彼らが、東大や早稲田、慶応やらに合格したときも、

別にスゴイとは思わなくて、むしろ当たり前だよなって思った。

紙に何回も同じ英文を書いたり、お経を唱えるように音読をしたり、

まるで頭で参考書を食ってるみたいだったから、そりゃあ受かるよなって。

 

俺には、「こいつら面白いことしてんなあ」としか思えなかったんだけど、

そんな奴らを世間では「頭がいい」って評価する。

その風潮に違和感があった。

 

その違和感の正体を、スッキリ見つけたのは、大学に入ってからのことだ。

大学一年の時の、俺のクラスの担任だった唐木幸比古教授。

教授を見てたら答えがわかった。

 

唐木教授

 

唐木教授は、スーパーコンピューターの創設に携わった人で、

このままいけばノーベル賞の候補になるってくらい、実績のある人だった。

 

大学入学後の履修届けの日、俺は大遅刻をしてしまって、

教室に入ったときには、他の学生の自己紹介や挨拶はすでに終わっていた。

だけど唐木教授は、遅刻した俺に注意することもなく、

「君も自己紹介と挨拶をしてください」と言った。

俺が「こんな大学で学ぶことはない」って豪語したら、周りはドン引きしてたな。

だけど教授は、「君、おもしろいねえ」と言ってくれたんだ。

 

それから俺は、教授にずいぶんかわいがってもらった。

ゼミ生でもないのに、教授室に遊びに行ったり、

ラーメン屋に連れて行ってもらって、奢ってもらうこともしょっちゅうだった。

 

教授からは、いろんな話を聞いた。

その発想っていうのが、またすごくてさ、

凡人にはないアイデアがぼんぼん出てくるんだよ。

「唐木先生、それはお金になりますねえ」って俺が言うと、教授もうれしそうに

「いつかこれで特許をとろう。
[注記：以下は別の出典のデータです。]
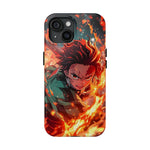 iPhone 13 Mini Case Cover | The Tanjiro Surge | #1027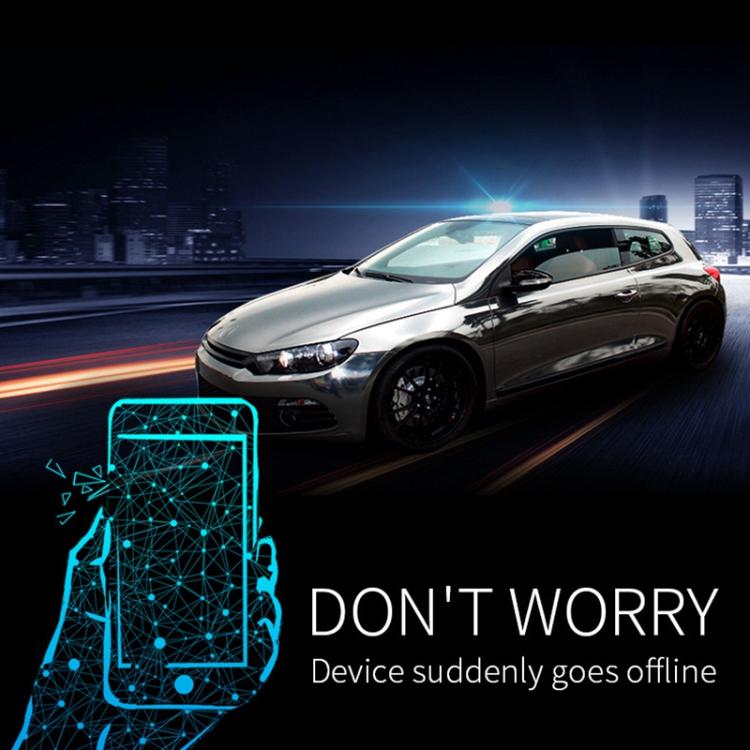 GT25 Car 4G GPS Smart Locator Tracker, GT25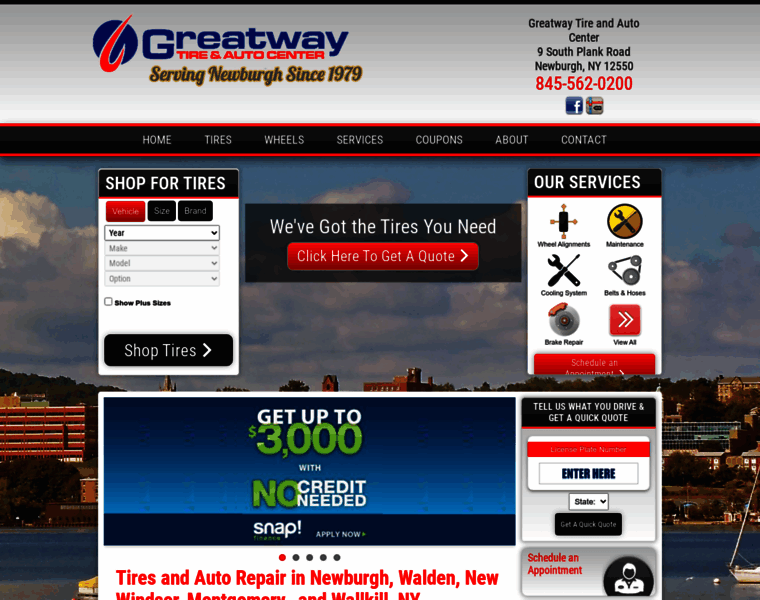 Greatwaytire.com thumbnail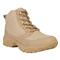 Altai® Men's SuperFabric® 6" Waterproof Side-zip Tactical Boots, Tan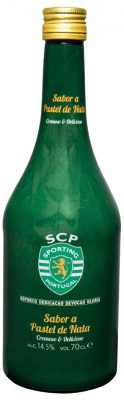 Licor 35 Pastel de Nata - Edición Especial Sporting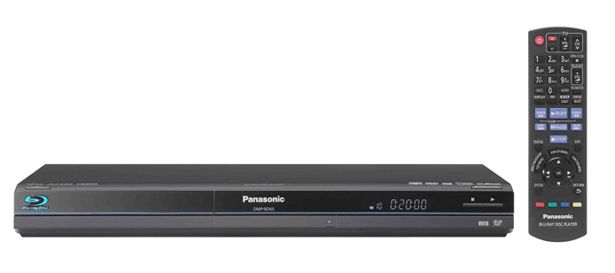 Panasonic DMP-BD65 Blu-ray player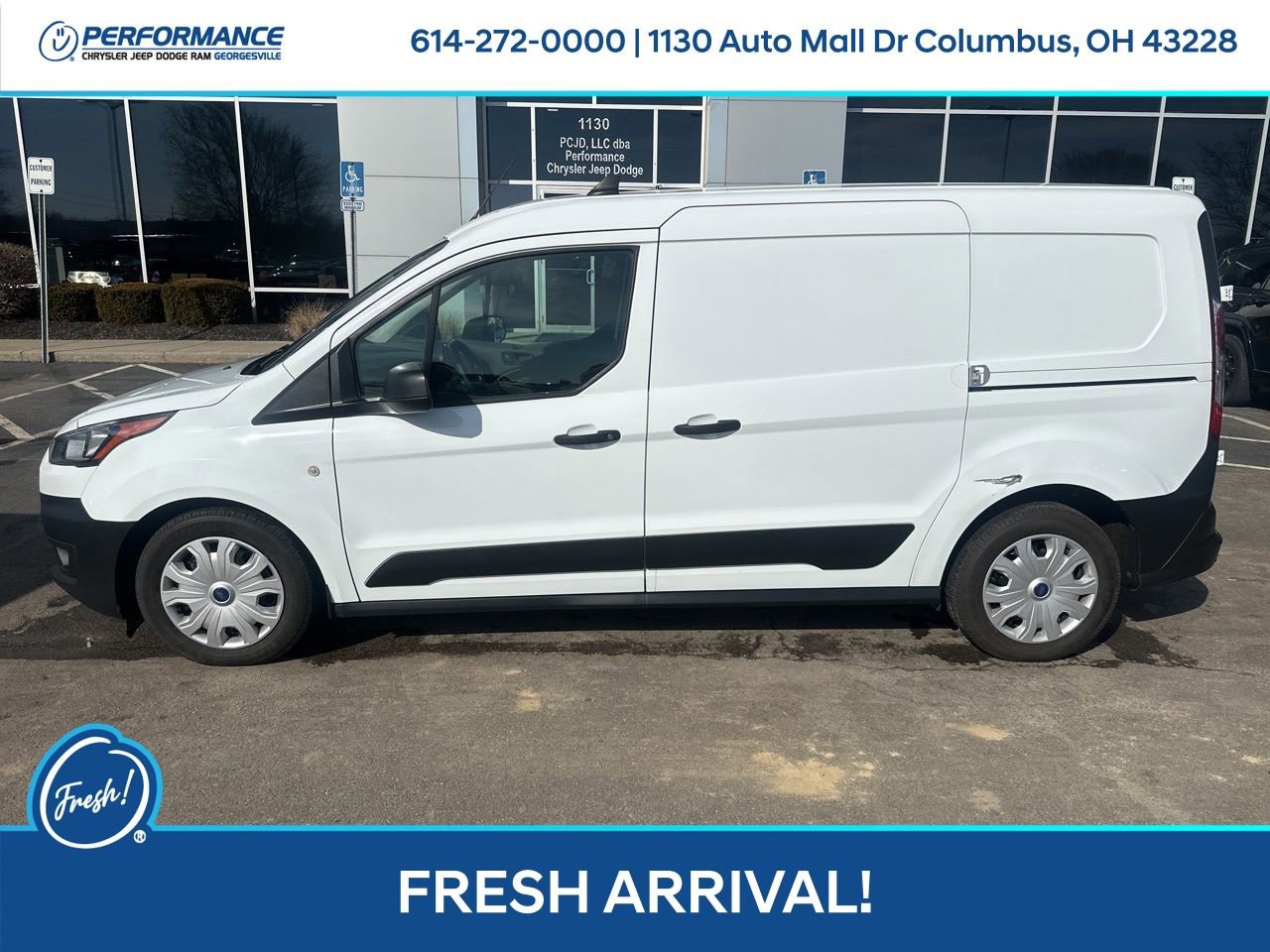 Used 2023 Ford Transit Connect XL image 7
そんときは君が社長をやればいいよ」なんて言ってくれた。

 

俺は教授のいろんなアイデアを聞くのが、楽しくてしかたなかった。

教授みたいな人を、本当の「天才」「頭がいい人」って言うんだなって思った。

 

だいたい教授は、超一流大学から山ほどスカウトがあったのに、

あえて専修大学で教鞭をとっていた。

そういうところが、ほんとに頭がいいっていうか、オシャレだろ?

 

唐木教授は、俺が大学をやめて7年後、突然亡くなってしまった。

あんなにすばらしい才能が消えてしまって、

天は無情だなと、俺は思ったよ。

 

それから警備業時代、仕事中に交通事故の被害に遭ったときのことだ。

そのときにお世話になったのが、弁護士の西幹先生。

西幹先生は俺の事故の、加害者側の弁護をしていた。

つまりは俺の敵側の先生だったはずなのに、なぜか俺を気に入ってくれて。

 

俺はそれから十年間、月に一回は西幹先生の事務所に遊びに行き、勉強をさせてもらった。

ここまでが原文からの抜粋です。